The good, bad and ugly in The City’s education 

If the San Francisco Unified School District were a student, it would probably receive a D based on the results of its mission to provide 56,000 students with “an equal opportunity to succeed by promoting intellectual growth, creativity, self-discipline, cultural sensitivity, and democratic responsibility.”

First, the good news: The 12.1 percent dropout rate in the 2009-10 school year is much better than the statewide dropout rate of 18.2 percent. And San Francisco’s rate is down considerably from three and four years ago, when it was 17.9 and 19.6 percent.

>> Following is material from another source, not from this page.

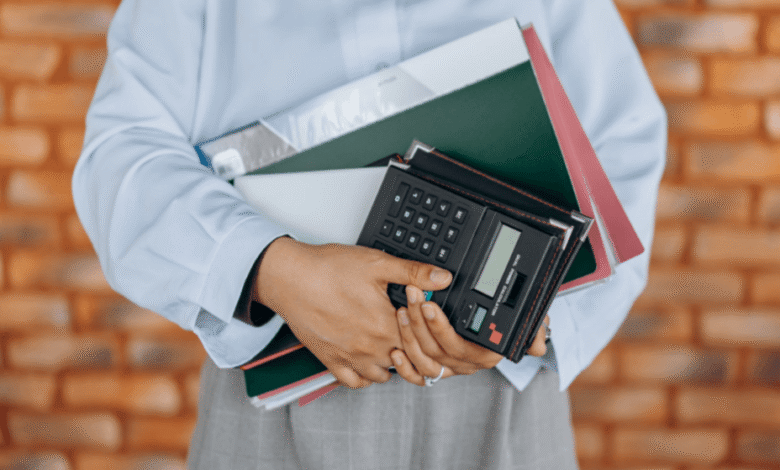 What should be included in a bookkeeping handover when changing accountants?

In addition, black and Latino students have made progress in closing the achievement gap with white and Asian students by increasing their math and English scores more than the district as a whole on the California Standard
Testing and Reporting exams.

And the district’s Academic Performance Index score of 791 (out of 1,000) for 2010 places it above the middle of the pack for unified school districts in the Bay Area, and represents a 16-point improvement over the preceding year.

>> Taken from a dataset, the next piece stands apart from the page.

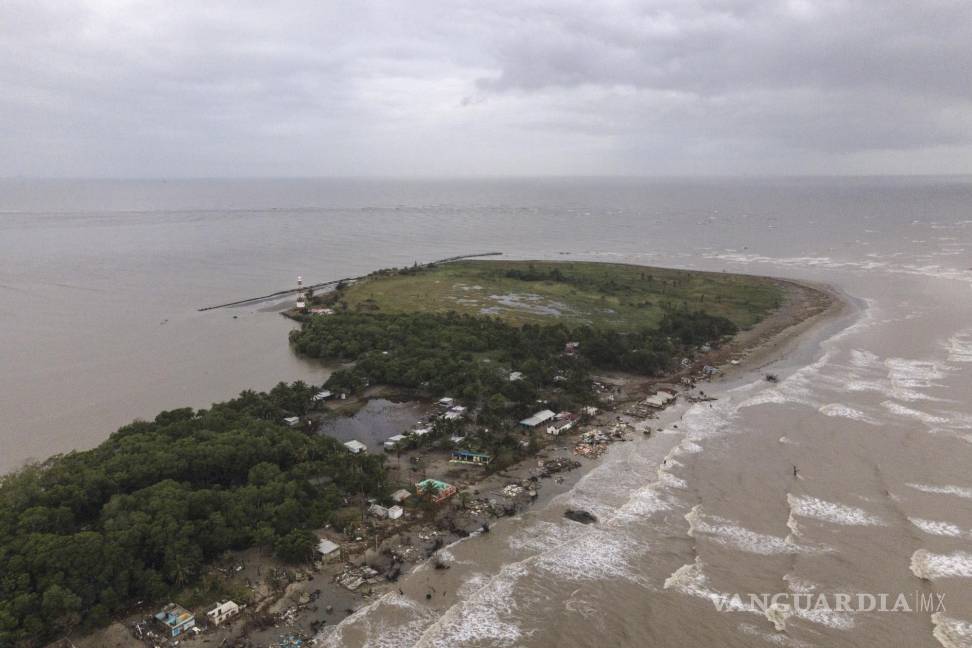 $!Una vista aérea de la comunidad costera de El Bosque, en el estado de Tabasco, destruida por las inundaciones provocadas por el aumento del nivel del mar.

Now for the bad news: The dropout rate has increased by 3 percentage points from the 2008-09 school year. And black and Latino students continue to drop out at a much higher rate (19 percent) than white (10 percent) and Asian (6 percent) students.

In addition, only 57.4 percent of San Francisco students in grades two through 11 are proficient or above in English, and only 55.6 percent in math, according to 2011 STAR testing. In other words, more than four out of every 10 students are unable to read, write or do arithmetic at a level that would enable them to succeed in college or in many occupations later in life.

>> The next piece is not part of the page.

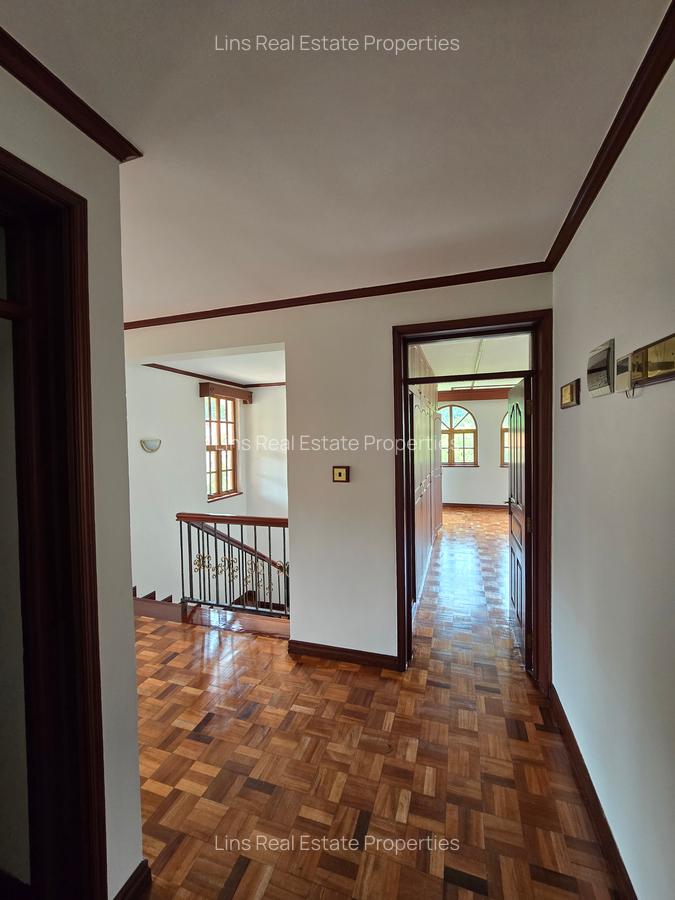 4 Bed Townhouse with En Suite in Lavington - 6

And San Francisco’s API score trails the Palo Alto, Piedmont, San Ramon Valley, Pleasanton, Dublin, Scotts Valley, Albany, Fremont, Berkeley, Castro Valley, Novato, Benicia, Alameda, Milpitas, San Lorenzo Valley, Livermore Valley, Martinez, Travis, South San Francisco, Petaluma, San Rafael, San Jose and Shoreline school districts.

With such a lackluster level of academic performance, you would think the SFUSD board would be keen to do anything and everything it can to help provide students with an equal opportunity to succeed.

Which leads us to the ugly news: The board recently denied the application by a charter school with a track record of success in educating low-income students.

Rocketship Education has five campuses in low-income San Jose neighborhoods that are showing impressive results. Rocketship Mateo Sheedy Elementary earned an API score of 925 two years in a row — a 17 percent improvement over San Francisco’s API. Rocketship Sí Se Puede Academy earned an API score of 886 in its first year of operation.

Fortunately, Rocketship has appealed its application to the state Board of Education. Hopefully, it will be approved so that at least some of San Francisco’s low-income children will have a chance at success, instead of being forced into the mediocrity that prevails in the San Francisco Unified School District.